# What is the correct general form of Hamilton's equation?

Usually, Hamilton's equations of motion are given by: $$(1)\;\; \frac{dp}{dt} = -\frac{\partial H}{\partial q} \;\;\; \text{ and } \;\;\;(2)\;\; \frac{dq}{dt} =\frac{\partial H}{\partial p}.$$ Using Poisson's bracket one can generalize Hamilton's equation i.e. the time derivative of anything is given by the Poisson bracket of that thing with the Hamiltonian: $$\frac{dF}{dt} = \{F,H\}$$ where $$F$$ is a function of $$p$$ and $$q$$, $$H$$ is the Hamiltonian, and Poisson bracket is defined as $$\{A,B\} = \frac{\partial A}{\partial q}\frac{\partial B}{\partial p} - \frac{\partial A}{\partial p}\frac{\partial B}{\partial q}.$$ See page 108 of 'No-nonsense Classical Mechanics' by Jakob Schwichtenberg and page 172 of 'The Theoretical Minimum' by Susskind & Hrabovsky for details. However, in Wikipedia, they are saying that the most general form of the Hamilton's equation of motion is $$\frac{dF}{dt} = \{F,H\} + \frac{\partial F}{\partial t}.$$ From where is the extra $$\frac{\partial F}{\partial t}$$ coming from?

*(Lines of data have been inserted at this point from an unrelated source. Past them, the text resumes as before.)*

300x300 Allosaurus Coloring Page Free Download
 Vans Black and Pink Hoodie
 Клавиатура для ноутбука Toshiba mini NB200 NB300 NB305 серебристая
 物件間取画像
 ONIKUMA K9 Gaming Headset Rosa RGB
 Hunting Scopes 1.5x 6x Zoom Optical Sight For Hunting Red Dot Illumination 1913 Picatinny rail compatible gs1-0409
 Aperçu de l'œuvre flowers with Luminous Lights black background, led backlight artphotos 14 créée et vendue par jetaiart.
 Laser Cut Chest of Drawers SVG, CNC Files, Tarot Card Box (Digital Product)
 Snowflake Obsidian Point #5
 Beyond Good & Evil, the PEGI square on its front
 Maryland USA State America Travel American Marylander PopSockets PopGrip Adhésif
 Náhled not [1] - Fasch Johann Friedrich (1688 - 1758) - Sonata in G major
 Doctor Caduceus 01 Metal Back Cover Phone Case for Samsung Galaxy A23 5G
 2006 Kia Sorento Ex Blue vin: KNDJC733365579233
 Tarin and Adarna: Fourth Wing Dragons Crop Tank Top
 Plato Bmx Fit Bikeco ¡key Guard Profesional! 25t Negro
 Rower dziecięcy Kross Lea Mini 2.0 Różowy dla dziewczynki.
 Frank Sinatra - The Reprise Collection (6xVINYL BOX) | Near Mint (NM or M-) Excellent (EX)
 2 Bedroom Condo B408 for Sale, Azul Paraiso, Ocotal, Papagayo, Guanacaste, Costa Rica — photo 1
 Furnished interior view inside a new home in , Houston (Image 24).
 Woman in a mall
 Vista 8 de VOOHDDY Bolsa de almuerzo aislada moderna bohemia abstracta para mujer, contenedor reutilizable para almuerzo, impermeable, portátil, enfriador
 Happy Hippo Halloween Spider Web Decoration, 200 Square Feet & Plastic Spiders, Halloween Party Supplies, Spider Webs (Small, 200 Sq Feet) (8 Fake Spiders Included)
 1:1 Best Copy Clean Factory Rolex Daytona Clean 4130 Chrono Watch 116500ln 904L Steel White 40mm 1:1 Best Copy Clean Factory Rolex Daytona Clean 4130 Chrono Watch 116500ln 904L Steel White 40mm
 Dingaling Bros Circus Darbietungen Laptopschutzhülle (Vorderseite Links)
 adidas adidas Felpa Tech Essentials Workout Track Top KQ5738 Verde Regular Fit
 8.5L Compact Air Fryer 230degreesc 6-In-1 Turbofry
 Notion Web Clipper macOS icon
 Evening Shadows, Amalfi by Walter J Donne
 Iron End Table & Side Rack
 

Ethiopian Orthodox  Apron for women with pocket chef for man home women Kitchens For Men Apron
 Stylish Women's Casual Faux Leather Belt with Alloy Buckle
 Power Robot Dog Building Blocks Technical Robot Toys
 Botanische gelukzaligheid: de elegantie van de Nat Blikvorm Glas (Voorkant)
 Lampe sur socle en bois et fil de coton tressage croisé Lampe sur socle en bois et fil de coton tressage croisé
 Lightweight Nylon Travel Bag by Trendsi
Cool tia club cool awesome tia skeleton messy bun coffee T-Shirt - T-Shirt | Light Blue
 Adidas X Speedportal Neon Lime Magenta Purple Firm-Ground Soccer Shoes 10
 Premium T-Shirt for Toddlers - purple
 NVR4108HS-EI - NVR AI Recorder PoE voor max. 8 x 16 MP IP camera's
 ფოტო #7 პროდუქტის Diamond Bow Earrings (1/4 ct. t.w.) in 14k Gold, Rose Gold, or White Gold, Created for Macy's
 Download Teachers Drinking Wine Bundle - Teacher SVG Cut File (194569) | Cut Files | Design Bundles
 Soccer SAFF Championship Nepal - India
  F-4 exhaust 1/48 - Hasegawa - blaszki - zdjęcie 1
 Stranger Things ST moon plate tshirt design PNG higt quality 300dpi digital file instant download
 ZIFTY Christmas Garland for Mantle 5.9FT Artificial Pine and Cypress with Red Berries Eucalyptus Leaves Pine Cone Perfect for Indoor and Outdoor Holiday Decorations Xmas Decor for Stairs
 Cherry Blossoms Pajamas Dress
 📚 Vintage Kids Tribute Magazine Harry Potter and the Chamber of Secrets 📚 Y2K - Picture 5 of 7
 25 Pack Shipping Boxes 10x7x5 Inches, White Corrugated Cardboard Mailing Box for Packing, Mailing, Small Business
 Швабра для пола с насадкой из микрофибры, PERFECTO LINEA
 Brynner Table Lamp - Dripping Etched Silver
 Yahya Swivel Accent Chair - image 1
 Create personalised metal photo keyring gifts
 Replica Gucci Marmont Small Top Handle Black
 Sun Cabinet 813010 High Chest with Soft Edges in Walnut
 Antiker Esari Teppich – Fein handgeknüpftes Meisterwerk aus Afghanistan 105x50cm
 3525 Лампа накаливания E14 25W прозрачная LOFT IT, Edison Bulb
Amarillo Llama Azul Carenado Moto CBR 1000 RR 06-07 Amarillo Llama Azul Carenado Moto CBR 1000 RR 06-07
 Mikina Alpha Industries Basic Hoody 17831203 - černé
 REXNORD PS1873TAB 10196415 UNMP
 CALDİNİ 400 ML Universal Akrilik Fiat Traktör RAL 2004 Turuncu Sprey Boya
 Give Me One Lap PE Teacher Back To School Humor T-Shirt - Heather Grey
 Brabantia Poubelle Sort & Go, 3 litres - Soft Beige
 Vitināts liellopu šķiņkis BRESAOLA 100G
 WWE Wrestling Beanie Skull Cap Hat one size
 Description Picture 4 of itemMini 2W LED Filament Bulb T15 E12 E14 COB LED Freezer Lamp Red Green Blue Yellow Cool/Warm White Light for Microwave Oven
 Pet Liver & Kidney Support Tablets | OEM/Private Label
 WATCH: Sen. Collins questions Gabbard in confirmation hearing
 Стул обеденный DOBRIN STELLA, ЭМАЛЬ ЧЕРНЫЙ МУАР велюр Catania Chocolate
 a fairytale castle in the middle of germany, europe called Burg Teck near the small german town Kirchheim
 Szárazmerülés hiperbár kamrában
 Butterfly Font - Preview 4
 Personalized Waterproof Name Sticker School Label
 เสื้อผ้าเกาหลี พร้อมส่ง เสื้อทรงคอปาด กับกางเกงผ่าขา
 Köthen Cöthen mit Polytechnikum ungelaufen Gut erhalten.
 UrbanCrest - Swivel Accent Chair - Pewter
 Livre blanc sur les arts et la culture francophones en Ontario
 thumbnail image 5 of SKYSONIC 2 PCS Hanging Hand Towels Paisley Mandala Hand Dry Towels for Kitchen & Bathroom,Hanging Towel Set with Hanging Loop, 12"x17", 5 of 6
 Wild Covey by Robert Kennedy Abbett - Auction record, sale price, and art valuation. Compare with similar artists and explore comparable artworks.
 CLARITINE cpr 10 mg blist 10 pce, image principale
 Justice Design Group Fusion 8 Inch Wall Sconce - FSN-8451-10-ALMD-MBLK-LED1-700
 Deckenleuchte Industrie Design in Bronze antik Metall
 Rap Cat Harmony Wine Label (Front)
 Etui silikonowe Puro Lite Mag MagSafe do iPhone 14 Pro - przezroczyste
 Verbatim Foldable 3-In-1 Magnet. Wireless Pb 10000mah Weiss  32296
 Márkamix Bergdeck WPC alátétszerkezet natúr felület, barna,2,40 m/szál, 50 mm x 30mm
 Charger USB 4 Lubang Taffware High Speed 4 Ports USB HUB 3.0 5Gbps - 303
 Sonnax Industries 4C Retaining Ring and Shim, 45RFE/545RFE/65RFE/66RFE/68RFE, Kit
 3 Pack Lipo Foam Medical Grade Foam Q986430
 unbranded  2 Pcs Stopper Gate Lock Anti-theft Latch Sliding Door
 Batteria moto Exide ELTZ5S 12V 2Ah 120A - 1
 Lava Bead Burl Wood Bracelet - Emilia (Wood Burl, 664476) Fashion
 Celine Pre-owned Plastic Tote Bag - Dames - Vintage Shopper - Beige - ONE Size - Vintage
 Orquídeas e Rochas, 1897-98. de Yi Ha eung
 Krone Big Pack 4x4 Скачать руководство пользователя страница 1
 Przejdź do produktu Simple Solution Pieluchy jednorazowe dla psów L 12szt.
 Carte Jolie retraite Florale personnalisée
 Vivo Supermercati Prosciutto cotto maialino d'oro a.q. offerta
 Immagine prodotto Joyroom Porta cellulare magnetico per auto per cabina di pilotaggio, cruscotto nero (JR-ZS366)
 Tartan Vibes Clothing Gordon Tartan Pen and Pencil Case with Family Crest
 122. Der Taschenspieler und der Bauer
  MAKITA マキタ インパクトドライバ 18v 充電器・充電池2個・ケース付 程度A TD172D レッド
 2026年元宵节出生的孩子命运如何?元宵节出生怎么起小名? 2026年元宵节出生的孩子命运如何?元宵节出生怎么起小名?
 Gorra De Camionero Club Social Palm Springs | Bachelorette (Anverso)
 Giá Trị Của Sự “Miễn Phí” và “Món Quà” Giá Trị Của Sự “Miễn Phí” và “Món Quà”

Which one is correct?

• In general $F=F(q,p,t)$. Then you can define a function $\mathcal F(t) := F(q(t),p(t),t)$. Calculating its derivative (and employing the equations of motion) yields your last equation. Long story short: Observables can, in principle, depend on time explicitly and not only through $q$ and $p$. May 6, 2022 at 21:09
• Okay. Just for clarification, does that mean in Susskind/Jakob's text, they assumed that F doesn't depend explicitly on time, right? May 6, 2022 at 21:18
• I don't know the context (i.e. I haven't read the specific parts of the books), but it seems very likely to me. May 6, 2022 at 21:20

Most generally the observable $$F$$ depends not only on $$q(t)$$ and $$p(t)$$, but also depends on $$t$$ explicitly, i.e. $$F=F(q,p,t)$$ Differentiating this with respect to time $$t$$ you get \begin{align} \frac{dF}{dt} &=\frac{\partial F}{\partial q}\frac{dq}{dt} +\frac{\partial F}{\partial p}\frac{dp}{dt} +\frac{\partial F}{\partial t} \\ &=\frac{\partial F}{\partial q}\frac{\partial H}{dp} -\frac{\partial F}{\partial p}\frac{\partial H}{dq} +\frac{\partial F}{\partial t} \\ &=\{F,H\} +\frac{\partial F}{\partial t} \end{align}